Michael Barson (born 21 April 1958) is a Scottish-born multi-instrumentalist, songwriter, and composer. In a career spanning more than 40 years, Barson came to prominence in the late 1970s as the keyboard player for the band Madness.

Early years 
Barson was born in Edinburgh, Scotland. He grew up in North London with his two brothers, Dan and Ben, who are also musicians (with Ben being one of Roland Gift's collaborators). He is often known by the nicknames "Monsieur Barso" or "Barzo".

Prior to forming Madness, Barson and fellow future Madness member Lee Thompson gained some notice as graffiti artists in the mid-1970s. After reading about the emerging New York graffiti scene, they spray-painted their nicknames ("Mr B" and "Kix") along with two friends' names "Cat" and "Columbo" around north London. They managed to spray their nicknames on George Melly's garage door, prompting Melly to write a newspaper article declaring: "If I ever catch that Mr B, Kix and Columbo, I'm going to kick their arses".

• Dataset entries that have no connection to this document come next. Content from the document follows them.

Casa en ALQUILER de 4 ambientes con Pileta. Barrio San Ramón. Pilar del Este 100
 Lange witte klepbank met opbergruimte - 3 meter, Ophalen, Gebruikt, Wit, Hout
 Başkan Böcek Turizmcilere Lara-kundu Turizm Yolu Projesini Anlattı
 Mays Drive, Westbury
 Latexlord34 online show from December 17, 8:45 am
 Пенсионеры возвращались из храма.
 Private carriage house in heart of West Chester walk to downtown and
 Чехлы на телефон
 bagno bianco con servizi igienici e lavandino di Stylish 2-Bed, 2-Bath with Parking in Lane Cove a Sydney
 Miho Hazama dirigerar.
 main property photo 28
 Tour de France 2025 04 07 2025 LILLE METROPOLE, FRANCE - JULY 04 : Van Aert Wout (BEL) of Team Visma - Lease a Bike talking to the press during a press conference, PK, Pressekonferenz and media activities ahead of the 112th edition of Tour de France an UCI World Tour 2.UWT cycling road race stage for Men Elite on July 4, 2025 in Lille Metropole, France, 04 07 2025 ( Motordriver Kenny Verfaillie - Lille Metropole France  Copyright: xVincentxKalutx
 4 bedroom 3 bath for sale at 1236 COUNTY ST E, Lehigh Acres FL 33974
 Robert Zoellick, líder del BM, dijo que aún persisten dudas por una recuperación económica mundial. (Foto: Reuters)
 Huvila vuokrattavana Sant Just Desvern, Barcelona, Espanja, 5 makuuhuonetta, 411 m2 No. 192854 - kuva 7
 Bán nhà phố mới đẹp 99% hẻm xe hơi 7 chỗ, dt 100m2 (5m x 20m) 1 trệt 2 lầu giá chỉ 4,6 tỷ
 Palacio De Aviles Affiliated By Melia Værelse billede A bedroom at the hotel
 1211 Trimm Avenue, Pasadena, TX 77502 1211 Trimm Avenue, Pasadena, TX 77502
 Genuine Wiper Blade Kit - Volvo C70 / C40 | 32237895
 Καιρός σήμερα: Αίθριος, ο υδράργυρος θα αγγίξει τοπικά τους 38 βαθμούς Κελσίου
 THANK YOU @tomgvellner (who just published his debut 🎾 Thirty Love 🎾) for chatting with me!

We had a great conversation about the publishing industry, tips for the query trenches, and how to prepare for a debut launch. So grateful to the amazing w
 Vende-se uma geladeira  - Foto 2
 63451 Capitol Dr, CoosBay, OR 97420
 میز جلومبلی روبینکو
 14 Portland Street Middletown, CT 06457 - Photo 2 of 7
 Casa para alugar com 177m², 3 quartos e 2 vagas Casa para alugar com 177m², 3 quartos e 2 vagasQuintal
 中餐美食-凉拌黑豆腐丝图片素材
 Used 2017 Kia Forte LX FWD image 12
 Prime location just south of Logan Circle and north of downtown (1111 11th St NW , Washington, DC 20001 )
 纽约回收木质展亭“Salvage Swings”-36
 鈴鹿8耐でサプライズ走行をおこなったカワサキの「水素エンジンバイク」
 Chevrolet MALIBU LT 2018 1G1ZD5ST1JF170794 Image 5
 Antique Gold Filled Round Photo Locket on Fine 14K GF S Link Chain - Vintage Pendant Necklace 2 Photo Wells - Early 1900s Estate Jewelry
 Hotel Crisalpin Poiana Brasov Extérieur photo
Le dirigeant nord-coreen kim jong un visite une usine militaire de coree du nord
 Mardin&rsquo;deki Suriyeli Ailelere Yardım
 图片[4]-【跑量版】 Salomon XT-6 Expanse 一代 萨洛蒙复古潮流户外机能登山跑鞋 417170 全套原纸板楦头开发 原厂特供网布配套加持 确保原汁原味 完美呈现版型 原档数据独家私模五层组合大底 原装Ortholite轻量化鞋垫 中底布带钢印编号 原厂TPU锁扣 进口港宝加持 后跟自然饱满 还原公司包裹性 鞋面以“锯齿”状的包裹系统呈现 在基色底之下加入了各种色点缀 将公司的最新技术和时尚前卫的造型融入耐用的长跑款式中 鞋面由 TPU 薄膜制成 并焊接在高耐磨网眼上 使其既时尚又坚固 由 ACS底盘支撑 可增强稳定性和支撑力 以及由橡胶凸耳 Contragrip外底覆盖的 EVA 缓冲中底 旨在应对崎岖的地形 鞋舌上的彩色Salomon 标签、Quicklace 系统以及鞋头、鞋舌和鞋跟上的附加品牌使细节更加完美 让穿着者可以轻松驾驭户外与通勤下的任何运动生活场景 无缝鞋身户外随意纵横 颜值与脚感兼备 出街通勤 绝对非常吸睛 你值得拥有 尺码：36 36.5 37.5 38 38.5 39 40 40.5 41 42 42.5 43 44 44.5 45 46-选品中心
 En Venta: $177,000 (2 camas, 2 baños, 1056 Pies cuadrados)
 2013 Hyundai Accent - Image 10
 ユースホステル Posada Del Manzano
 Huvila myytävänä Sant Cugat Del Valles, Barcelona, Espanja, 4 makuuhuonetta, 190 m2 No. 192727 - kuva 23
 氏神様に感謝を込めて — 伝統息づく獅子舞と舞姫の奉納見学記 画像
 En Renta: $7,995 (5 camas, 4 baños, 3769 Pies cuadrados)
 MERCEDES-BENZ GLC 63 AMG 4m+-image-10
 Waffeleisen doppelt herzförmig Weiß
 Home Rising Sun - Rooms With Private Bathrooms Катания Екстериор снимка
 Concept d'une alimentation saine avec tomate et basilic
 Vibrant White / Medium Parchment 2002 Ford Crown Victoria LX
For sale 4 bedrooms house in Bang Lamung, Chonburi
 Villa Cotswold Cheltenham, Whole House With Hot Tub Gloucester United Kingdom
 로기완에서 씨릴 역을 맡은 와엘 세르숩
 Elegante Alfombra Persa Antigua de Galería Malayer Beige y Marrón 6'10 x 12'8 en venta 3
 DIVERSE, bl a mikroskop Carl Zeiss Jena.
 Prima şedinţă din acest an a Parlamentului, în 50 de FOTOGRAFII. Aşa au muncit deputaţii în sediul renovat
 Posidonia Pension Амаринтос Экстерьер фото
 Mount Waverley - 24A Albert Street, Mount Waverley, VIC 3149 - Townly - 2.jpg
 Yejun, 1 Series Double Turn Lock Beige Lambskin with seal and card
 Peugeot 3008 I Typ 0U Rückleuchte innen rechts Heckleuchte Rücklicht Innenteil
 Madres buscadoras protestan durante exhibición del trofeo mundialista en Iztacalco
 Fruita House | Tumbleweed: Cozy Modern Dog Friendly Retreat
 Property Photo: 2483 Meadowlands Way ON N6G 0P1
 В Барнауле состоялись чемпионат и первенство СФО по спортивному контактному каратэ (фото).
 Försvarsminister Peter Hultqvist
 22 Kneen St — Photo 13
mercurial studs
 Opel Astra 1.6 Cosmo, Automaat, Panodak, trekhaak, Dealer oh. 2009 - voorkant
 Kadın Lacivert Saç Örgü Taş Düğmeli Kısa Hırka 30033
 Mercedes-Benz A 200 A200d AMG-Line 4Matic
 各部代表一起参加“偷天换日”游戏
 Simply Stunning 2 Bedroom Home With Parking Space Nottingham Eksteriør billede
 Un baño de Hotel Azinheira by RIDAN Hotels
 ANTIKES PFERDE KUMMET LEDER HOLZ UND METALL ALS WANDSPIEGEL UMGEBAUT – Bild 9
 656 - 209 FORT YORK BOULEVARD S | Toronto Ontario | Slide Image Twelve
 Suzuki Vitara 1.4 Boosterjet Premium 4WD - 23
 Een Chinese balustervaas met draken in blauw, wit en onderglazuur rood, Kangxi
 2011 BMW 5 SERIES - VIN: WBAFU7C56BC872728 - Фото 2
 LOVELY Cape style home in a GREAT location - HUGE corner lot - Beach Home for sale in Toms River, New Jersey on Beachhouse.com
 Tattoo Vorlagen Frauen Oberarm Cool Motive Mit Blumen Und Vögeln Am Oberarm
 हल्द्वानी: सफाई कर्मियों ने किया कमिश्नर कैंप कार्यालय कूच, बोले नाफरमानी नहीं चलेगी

Barson co-founded a band called The Invaders in 1976. The band later changed their name to Madness after the song by Prince Buster.

Music career 

Madness became a successful British band during the late 1970s to mid-1980s, having initial success as part of the Two-Tone movement. Barson was and is a prominent songwriter in the band, and effectively the musical director. He left in 1984 after the recording of their fifth studio album Keep Moving and appearing in the promotional music videos for the two singles from that album – "Michael Caine", and "One Better Day". Two years later, Madness disbanded, but Barson did join them for the recording of their final single, "(Waiting For) The Ghost Train."

Madness reunited in their original line-up in 1992, and Barson still plays with them. In 1995, he co-wrote and produced a number of songs for Suggs' first solo album The Lone Ranger. When No Doubt were recording songs for their fifth studio album Rock Steady, Barson was asked to play piano on the London version of the song "Everything in Time". Barson obliged and the track was produced by Madness producers Clive Langer and Alan Winstanley. The track was not included on the album, but was released a year later in 2003 on the compilation album Everything in Time (B-sides, Rarities, Remixes).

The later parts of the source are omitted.